# brute carb bowl drains



## Guarino113 (Oct 3, 2009)

on sunday i think i may have gotten some water in my bowls while i was in the creek. it runs fine on flat ground and up hill. but when i go down hill it spits and sputters. and now i stripped both the allen heads for the drains. does anyone know if i can get a replacement bolt from the hardware store that will fit? thanks


----------



## Heath070707 (Oct 12, 2009)

http://www.motosport.com/atv/oem-parts/KAWASAKI/2006/Brute%20Force%20650%204x4i/?modelyearid=389&typeid=2&groupId=19784
part number 92009A in left colum or if you still want to go to parts store threads are 6mm x .075


----------



## Guarino113 (Oct 3, 2009)

ok thanks. i want to do away with the allen head so im gonna try the parts store.


----------



## Heath070707 (Oct 12, 2009)

If your interested there are some stainless allen heads on jetsrus.com. Go to jets and jet kits, then search brute force they are close to the bottom of the page. They are for the carb bowls but i think they are the same size. You might take one out and see if it will thread into the drains first.
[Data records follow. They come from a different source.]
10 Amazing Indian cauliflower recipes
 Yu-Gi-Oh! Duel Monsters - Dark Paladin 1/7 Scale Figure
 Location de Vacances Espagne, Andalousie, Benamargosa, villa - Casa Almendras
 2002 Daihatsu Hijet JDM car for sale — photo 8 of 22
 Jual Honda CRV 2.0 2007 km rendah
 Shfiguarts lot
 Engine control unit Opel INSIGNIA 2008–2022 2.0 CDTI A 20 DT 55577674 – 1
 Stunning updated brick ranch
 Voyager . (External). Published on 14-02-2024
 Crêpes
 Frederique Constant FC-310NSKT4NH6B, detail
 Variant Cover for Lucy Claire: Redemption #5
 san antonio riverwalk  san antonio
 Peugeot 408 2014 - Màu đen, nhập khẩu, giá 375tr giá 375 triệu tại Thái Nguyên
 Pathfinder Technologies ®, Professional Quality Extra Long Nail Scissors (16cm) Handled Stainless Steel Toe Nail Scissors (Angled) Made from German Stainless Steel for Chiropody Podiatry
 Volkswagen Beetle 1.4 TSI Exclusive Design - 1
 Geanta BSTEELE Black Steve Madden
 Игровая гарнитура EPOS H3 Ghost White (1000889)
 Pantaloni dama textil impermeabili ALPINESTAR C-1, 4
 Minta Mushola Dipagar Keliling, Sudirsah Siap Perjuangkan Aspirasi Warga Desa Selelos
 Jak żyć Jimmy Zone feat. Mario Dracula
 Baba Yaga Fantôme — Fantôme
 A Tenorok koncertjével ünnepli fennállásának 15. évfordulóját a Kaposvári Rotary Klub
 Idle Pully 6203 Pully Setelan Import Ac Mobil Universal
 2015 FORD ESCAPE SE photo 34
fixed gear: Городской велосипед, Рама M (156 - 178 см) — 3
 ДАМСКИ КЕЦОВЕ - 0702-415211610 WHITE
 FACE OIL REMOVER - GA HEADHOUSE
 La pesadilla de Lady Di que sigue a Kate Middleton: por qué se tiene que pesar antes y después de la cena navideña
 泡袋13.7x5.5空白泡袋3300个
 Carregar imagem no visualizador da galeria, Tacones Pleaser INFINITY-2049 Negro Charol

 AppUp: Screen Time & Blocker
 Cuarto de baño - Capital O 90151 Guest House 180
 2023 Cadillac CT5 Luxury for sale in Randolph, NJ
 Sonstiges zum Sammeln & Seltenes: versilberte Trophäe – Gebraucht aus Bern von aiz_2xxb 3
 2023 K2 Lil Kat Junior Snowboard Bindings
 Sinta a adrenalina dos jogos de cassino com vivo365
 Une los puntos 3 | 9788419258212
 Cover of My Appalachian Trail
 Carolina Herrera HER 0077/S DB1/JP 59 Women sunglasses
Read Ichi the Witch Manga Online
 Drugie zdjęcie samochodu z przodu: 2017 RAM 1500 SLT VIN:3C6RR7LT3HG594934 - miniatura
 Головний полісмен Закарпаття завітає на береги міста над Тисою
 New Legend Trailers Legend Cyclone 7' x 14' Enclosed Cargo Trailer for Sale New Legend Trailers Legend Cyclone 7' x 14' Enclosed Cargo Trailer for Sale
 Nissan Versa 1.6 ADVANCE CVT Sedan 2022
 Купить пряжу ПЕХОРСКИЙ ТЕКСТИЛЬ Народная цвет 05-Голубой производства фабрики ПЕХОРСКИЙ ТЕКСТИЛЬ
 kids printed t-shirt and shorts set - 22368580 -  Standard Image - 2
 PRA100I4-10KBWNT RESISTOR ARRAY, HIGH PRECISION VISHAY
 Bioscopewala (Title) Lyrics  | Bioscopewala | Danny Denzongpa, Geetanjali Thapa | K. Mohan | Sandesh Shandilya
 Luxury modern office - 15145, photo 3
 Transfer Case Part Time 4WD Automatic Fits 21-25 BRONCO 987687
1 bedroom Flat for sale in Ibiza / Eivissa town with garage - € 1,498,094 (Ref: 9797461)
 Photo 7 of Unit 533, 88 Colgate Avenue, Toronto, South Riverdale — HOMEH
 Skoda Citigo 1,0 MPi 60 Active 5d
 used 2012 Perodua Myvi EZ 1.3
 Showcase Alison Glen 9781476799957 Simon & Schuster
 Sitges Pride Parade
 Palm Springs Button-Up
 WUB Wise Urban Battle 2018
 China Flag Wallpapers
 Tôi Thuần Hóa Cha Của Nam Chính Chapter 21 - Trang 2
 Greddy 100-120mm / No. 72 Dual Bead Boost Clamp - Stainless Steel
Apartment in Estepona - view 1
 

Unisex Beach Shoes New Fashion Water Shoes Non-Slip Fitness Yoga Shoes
Just trying to help. :bigok:


----------



## Guarino113 (Oct 3, 2009)

i didnt realize that the screws had a piont on the end of them. so what i did was took them out and dremaled a slot for a regular screwdriver. now i dont have to worry about it anymore. and also i figured out how i got water in there. the drain hose on the back carb was off. i dont know how that happened but o well.


----------



## Bootlegger (Dec 18, 2008)

I made a little plug for the end of my drain hose....I just took the plugs out when I wanted to drain them.


----------



## Guarino113 (Oct 3, 2009)

i havent had any problems before with the water. i dont know how that hose came off anyway. i think that check valve works good.


----------